I have an ASUS system with AMD processor running Clear Linux. I have Samba running in a role: “active directory domain controller”. I just have to make sure I test updates on a USB rescue disk
before applying them to my system. Sometimes things go a little sideways. Other than that Clear Linux is great, it does not suffer from “bloatware itis” like some operating systems and other Linux distribution do. I also have a server version running in VMware and that thing boots wicked fast, even
with hardware allocation constrained.

I have an outside interest in SuperMicro (Stock ticker SMCI) Hardware and software Support it’s one of my largest investment positions. I just like getting confirmation that they are more than marketing hype and they really are producing server hardware and providing services that justify the stock price.
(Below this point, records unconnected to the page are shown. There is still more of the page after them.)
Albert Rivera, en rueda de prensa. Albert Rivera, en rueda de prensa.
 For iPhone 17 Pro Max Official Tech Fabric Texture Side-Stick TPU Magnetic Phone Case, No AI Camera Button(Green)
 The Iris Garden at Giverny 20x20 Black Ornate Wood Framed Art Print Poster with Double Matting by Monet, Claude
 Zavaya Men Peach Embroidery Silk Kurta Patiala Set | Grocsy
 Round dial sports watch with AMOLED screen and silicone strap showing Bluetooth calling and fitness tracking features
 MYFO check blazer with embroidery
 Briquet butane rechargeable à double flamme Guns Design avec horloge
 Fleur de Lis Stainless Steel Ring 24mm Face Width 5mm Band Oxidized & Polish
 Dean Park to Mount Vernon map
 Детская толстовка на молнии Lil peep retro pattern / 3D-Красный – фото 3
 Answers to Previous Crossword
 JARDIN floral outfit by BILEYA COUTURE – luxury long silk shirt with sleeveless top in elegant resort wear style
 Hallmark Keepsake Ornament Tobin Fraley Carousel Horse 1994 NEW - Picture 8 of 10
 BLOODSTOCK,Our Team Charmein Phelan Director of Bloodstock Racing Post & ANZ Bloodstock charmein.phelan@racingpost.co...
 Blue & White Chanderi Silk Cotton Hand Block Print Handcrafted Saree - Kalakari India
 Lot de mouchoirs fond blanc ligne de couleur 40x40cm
Yes we have 3 VM hypervisors running Clear Linux and libvirt / KVM, including some more advanced features like SR-IOV, etc. I think it’s a great hypervisor OS – especially with the stateless design – but for the actual VMs running applications, we rely on Debian (which has a meaningfully wider library of packages via apt). SuperMicro is generally fantastic when it comes to support (when calling, you immediately get a very knowledgeable support person, without having to go through your entire life story before they begin helping you)

I realized today those two other SuperMicro machines are running the exact same version of Clear Linux (by design, but I forgot :slight_smile: ), and that even without memory faults – mcelog still returns “something”. E.g.,:

$ mcelog --client
Memory errors
SOCKET 0 CHANNEL 0 DIMM 0
DMI_NAME "DIMMA1" DMI_LOCATION "P0_Node0_Channel0_Dimm0"
corrected memory errors:
        0 total
uncorrected memory errors:
        0 total

The hardware differs between all three machine, so it’s interesting that mcelog is returning ‘nothing’ only on one of the machines. I just followed upon the ticket with SuperMicro to see if they have any other ideas.